Renaissance Learning examined the reading habits of high school students and found that as younger readers age, their tastes do not mature. For both their assignments and their outside choices, teenagers are reading books written for much younger children. (It doesn't mention that the reading comprehension level for teenagers is often well below their assigned grade level.) Renaissance Learning's study looked at 8.6 million students, who read a total of 283 million books, and assessed the "grade-level" of these tomes based on vocabulary and sentence complexity. For example, The Hunger Games, factors in at a fifth-grade level.

Eric Stickney of Renaissance Learning told NPR:

"The complexity of texts students are being assigned to read has declined by about three grade levels over the past 100 years.

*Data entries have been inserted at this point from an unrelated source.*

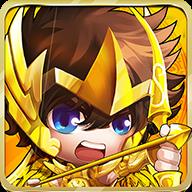 圣斗士满v飞升版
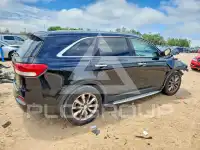 2017 KIA Sorento фото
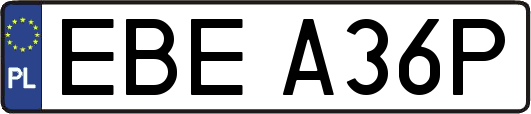EBEA36P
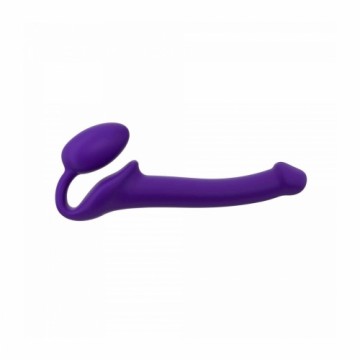 Dildo Strap-on-me Semi-Realistic S Violet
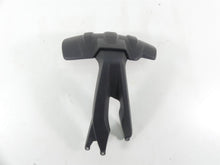 Load image into Gallery viewer, 2014 BMW R1200GS K50 Rear Fender Tire Hugger Mudflap Guard 46628533657 | Mototech271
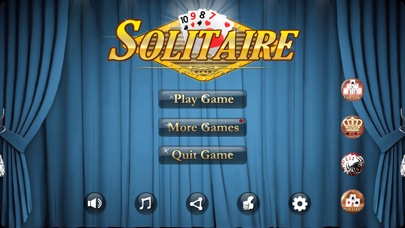 AAA Solitaire 1.0 IOS -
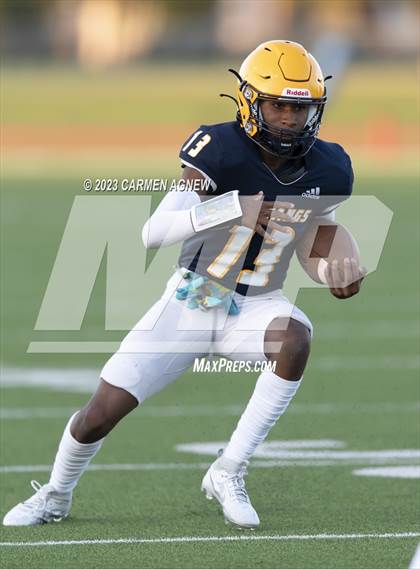 Thumbnail 2 in Cypress Ranch vs Cypress Lakes (A Teams) photogallery.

A century ago, students were being assigned books with the complexity of around the ninth- or 10th-grade level. But in 2012, the average was around the sixth-grade level."

Stickney notes that even the assigned classics are below grade level. While those mentioned are written simply (Of Mice and Men, Animal Farm, and To Kill a Mockingbird), the ideas, complexity of character, and social context in each of these three at least, is relatively mature. Books by Charles Dickens, George Bernard Shaw, Edith Wharton, Sophocles, and the Bronte sisters have fallen out of favor since 1989. While Shakespeare remains assigned with some frequency, most of the other volumes on the reading list are far below the teenager's grade level, even in the migration to newer fare, which includes popular novels like The Help and The Notebook.

Oh also did you pick up on that disclosure hidden in this NPR examination? The Notebook is a book that's assigned in a school somewhere.